Sunday, May 10, 2020

THE ANTI-SNEAKERS LEAGUE

With all the crap that's been happening recently, it's easy to get bummed out. Yesterday, something occurred to me that helped put things in perspective. When I'm outside around the hood, there's a shitload of birds, particularly parrots, seagulls, crows, doves, finches, sparrows, humming birds, an occasional hawk of some sort and every once in a while a bluebird. Oh, and a little after the sun goes down three white owls go out on their sorties. With the lack of air traffic (I live in a flight path), the abundance of birds is easier to notice. They tweet, they chirp, and they squawk. They don't know anything about Covid, Trump, or that Little Richard, Tony Allen and Florian Schneider all died this week. Snails still crawl, trees still grow. It's not all about us humans. The rest of the living world is still cruising along. We're just fucking ants.
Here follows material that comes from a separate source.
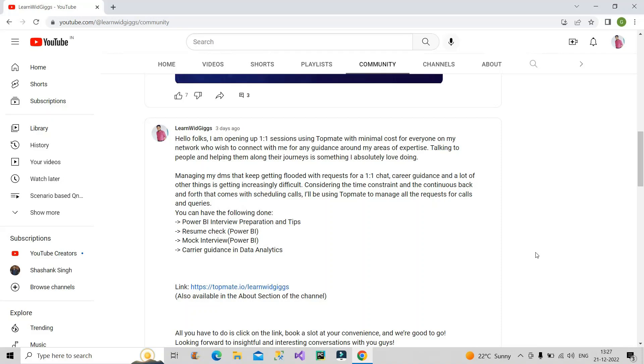So friends, welcome back to our channel Learn with Gigs. Today I'm not here to explain any technical topic. Rather, I am here to tell you something important and inform you that I have created an account last week on Topmate, from where you can easily connect with me one-to-one with a very minimal cost.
I decided a good ol' fashioned pick me up was in order and I chose the first song that came to mind, "Nice Day" by Persephone's Bees. Man, I totally forgot what a great song it is. It really hit the spot. It's epic well crafted pop.

It also occurred to me that today is Mother's Day. Nat King Cole's "Nature Boy" is the last song I saw my Mom get lost in, so it's down there too. It too puts things in perspective. Totally different types of music but both songs push the same buttons, for me anyway.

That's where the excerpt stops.